Tuesday, August 29, 2006

Let's Talk About...

Boys...I was skimming through a book of mine entitled "Lady in Waiting" and began to read the underlined or highlighted sections of the chapters. I realized what I have been saying the last few months...that I am happy/content with being single. As I sat there looking through that book I reminded myself that I still feel that way. I enjoy being single, knowing that God is shaping my story. I love that He has my plan in His hand and that I don't have to worry about it at all. Looking at that book though, I also realized that I haven't matured much in my outlook on relationships. I read the book when I was a junior in college and here I am five years later and have little difference in the way I handle relationships. I would love to be involved in a mature relationship where things seem to have high functionality. Not that I can't, but I don't know that I am doing very well at the whole acting mature thing.

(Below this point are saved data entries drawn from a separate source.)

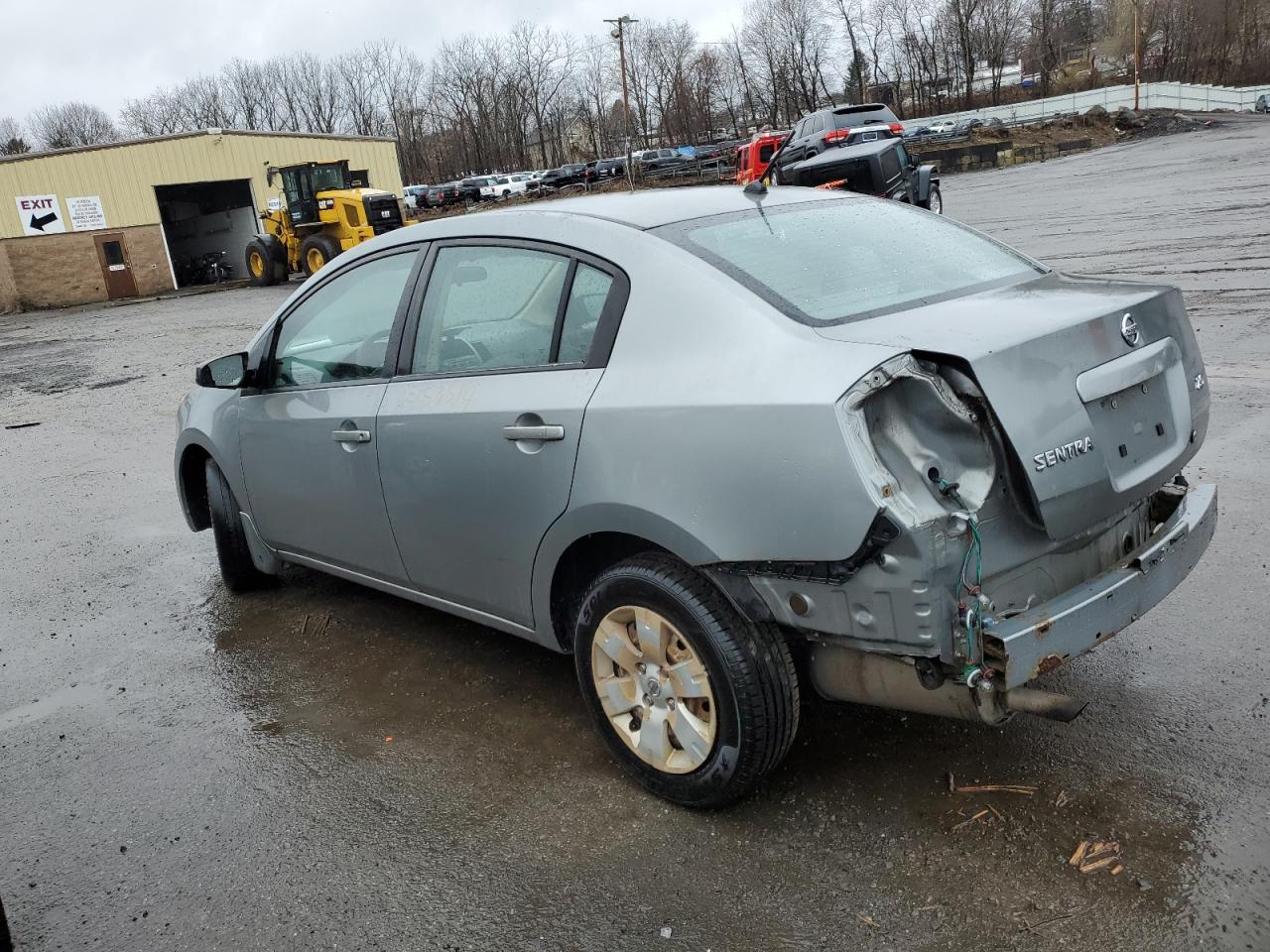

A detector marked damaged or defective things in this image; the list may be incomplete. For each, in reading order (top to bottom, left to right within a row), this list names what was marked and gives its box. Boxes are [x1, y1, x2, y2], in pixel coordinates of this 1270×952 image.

damaged sedan rear [174, 183, 1213, 807] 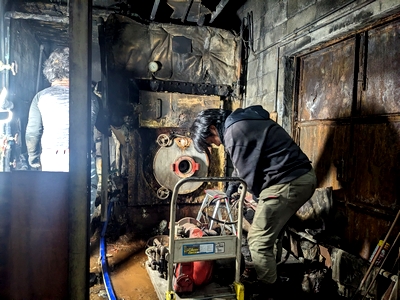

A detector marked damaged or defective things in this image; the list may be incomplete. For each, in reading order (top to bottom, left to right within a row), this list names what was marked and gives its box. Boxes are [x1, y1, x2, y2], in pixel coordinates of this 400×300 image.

burnt ceiling [7, 0, 247, 47]
rusty metal panel [139, 91, 220, 129]
rusted metal sheet [139, 92, 220, 128]
rusty metal panel [296, 122, 350, 195]
rusty metal panel [298, 37, 354, 120]
rusted metal sheet [298, 37, 354, 120]
rusty wooden door [294, 17, 400, 255]
rusty metal panel [350, 118, 400, 209]
rusted metal sheet [352, 119, 400, 209]
rusted metal sheet [362, 19, 400, 115]
rusty metal panel [364, 19, 400, 115] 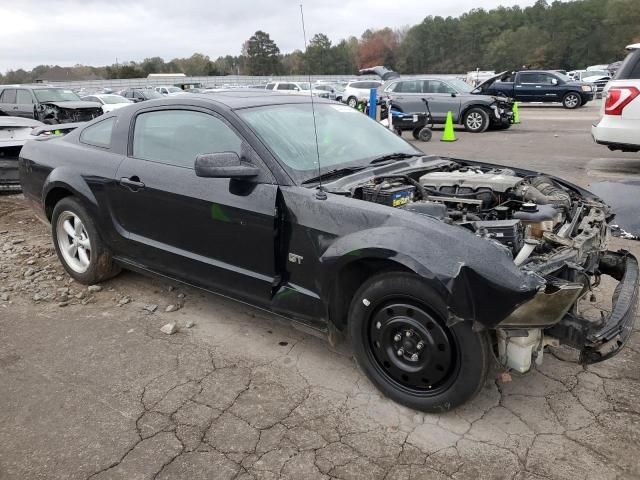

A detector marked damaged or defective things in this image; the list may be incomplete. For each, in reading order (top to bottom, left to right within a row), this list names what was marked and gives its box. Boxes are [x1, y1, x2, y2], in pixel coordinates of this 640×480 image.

wrecked car [0, 113, 42, 191]
wrecked car [0, 86, 102, 124]
cracked asphalt [1, 102, 640, 480]
wrecked car [17, 94, 636, 412]
damaged front end [348, 159, 636, 374]
damaged fender liner [544, 251, 640, 364] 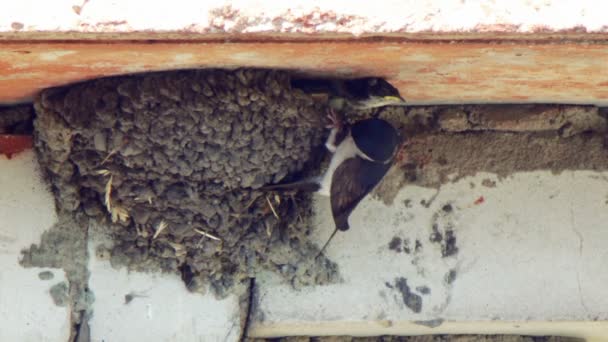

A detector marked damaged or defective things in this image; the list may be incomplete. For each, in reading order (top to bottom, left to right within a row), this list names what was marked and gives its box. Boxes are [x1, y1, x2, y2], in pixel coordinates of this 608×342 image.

rusty surface [0, 41, 608, 104]
rusty surface [0, 136, 32, 158]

I don't know if this is due in part to the fact that I've never really had a mature relationship, and while i have been in relationships I don't know how valid I would count them. I have decided that I am just going to refocus on my happiness, the love of my job, and life today. I will stop looking to the possibliity of a relationship, and will refocus on my relationship with Christ.

I am still excited about life, about where I am headed and about where I am at. I know that God is in charge of this whole possible relationship thing, or lack thereof...and I will just let Him have control...I will just mess things up...Who knows what's in store...

Saturday, August 26, 2006

Another Day

So life goes on now much as it always has...I love my life still...and I am in love with my job...I guess there are bad days, but I get through them without much problem. I love everything that I am going through right now...I am amazed at how great God is...and all that He is doing in my life. I can't wait to see where He is taking me...I know that there is so much more going on in my life that He must have control over...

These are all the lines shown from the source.